What to work on: Can the lines below, from the one that holds "samochód osobowy z" to the very end, be echoed exactly, with both ends included and no pictures?

Material to process:
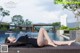 A woman in a black bathing suit laying on a lounge chair by a pool.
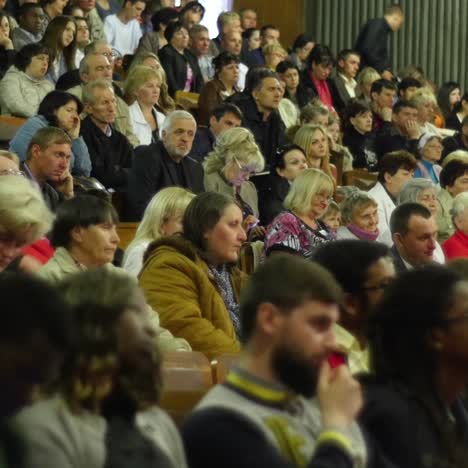 crowd of people to sitting and listening in a large hall
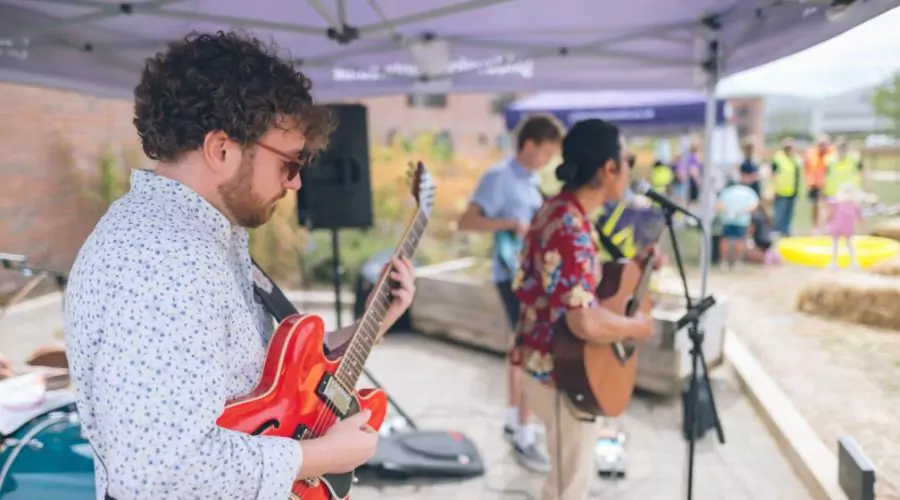 A musician plays a red guitar at outdoor event at Brabazon, accompanied by another artist with an acoustic guitar, performing outdoors at a lively event.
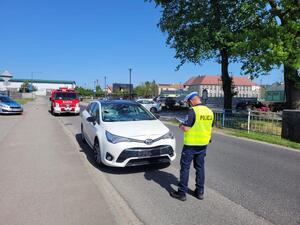 samochód osobowy z uszkodzoną szybą oraz zderzakiem policjant w kamizelce odblaskowej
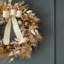 Couronne de Noël ornée de pommes de pin et d'ornements pré-éclairés avec minuteur en or 26 po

Reply:
 samochód osobowy z uszkodzoną szybą oraz zderzakiem policjant w kamizelce odblaskowej
 Couronne de Noël ornée de pommes de pin et d'ornements pré-éclairés avec minuteur en or 26 po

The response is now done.